ETKİLİ BİR YARGILAMA YAPILMADI

Mehmet Sincar cinayetinin bir Hizbullah tetikçisi olan Cihan Yıldız'ın yargılanması ile aydınlatılamayacağını, ancak senelerdir cinayete dair yargılamanın tek bir isim etrafında yürütülmesinin asıl failleri görünmez kılmak ve korumak anlamına geldiğini vurgulayan Şaneşin Aydın, Yıldız'ın yargılandığı davanın da bilinçli bir şekilde zamana yayılarak sürünceme haline getirildiğini söyledi.

Diyarbakır 4. Ağır Ceza Mahkemesi'nde başka Hizbullah sanıklarının da yargılandığı bir dosya olduğunu belirten Şaneşin Aydın, “Bu dosyanın sanıkları yeniden yargılamalar öncesi Hizbullah ana davasında Cihan Yıldız’la birlikte yargılanmış ve aynı eylemleri birlikte gerçekleştirdikleri sabit görülüp ceza almış sanıklar.
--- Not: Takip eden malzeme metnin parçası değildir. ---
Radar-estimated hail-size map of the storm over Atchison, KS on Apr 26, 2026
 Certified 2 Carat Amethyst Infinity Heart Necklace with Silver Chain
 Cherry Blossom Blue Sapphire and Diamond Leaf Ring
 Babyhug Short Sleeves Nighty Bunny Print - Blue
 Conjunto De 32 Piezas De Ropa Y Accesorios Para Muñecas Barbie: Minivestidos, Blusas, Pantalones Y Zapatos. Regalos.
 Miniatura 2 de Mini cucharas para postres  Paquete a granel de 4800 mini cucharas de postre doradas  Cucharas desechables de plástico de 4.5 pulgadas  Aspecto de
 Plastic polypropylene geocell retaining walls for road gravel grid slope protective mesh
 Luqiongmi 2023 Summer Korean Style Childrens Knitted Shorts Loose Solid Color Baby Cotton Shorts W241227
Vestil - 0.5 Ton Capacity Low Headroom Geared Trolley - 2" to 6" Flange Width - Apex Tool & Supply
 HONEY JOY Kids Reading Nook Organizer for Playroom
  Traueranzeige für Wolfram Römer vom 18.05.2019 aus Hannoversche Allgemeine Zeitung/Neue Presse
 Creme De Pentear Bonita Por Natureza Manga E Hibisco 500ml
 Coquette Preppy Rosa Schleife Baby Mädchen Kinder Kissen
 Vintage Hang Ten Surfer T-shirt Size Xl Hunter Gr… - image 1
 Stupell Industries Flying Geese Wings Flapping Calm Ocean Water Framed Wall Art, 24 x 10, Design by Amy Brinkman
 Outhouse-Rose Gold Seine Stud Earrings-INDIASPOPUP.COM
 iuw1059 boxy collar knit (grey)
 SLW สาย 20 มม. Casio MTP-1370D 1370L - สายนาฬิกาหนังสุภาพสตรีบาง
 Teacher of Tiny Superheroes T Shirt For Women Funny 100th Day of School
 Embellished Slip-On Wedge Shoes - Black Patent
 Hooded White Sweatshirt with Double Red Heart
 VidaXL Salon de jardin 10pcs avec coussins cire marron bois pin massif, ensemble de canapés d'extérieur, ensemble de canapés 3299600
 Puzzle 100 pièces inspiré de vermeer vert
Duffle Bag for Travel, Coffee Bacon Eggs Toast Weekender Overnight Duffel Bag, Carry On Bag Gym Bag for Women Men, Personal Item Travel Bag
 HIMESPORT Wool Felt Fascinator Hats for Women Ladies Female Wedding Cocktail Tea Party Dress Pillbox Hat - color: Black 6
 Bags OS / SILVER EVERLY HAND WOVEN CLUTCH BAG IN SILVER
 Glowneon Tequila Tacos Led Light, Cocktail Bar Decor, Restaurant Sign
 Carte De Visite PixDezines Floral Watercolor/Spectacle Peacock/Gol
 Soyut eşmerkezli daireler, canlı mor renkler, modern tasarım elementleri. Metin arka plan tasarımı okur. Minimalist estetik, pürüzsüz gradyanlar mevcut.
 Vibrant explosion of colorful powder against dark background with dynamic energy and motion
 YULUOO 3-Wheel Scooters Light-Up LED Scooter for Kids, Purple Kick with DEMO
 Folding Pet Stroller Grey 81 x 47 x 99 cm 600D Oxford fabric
Yeniden yargılamayı talep eden her sanıkla ilgili ayrı dosyalar açılmış ve yargılamalar farklı dosyalarda yürütüldü. Fakat mahkeme diğer sanıklara ilişkin dosyaları Mehmet Sincar davası için bekletici mesele haline getirdi. Mehmet Sincar dosyasını atıl hale getirip dosyada aktif bir yargılama yürütmedi."

4 Eylül 2023 tarihinde zaman aşımı süresinin dolmaması için etkin bir yargılama yürütülmesi gerektiğini, ancak tüm taleplerine rağmen mahkemenin esas failleri koruyucu tutumundan kaynaklı yargılamanın yalnızca bir tetikçiye indirgendiğini söyleyen Şaneşin Aydın, şunları ekledi: "Cinayet üzerinden geçen 30 yıllık süre dolduğunda, zaman aşımı söz konusu olacaktı. Tetikçi Cihan Yıldız açısından bu sürenin işlememesinin nedeni, hakkında yeniden yargılama kararı oluşudur. Bu karar zaman aşımı sürecini yeniden başlatmış oluyor. 17 Temmuz tarihli son celsede heyet dosyayı savcıya tevdii edip, esas hakkında mütalaasını hazırlaması yönünde ara karar kurdu. Fakat tabi tüm bu süreç boyunca etkili bir yargılama yapılmadığı için yalnızca bir Hizbullah üyesi etrafında yürütülen bir durum söz konusu. Dolayısıyla esas failler 30 yıl boyunca, zaman aşımı süresi dolana kadar bu şekilde korundu."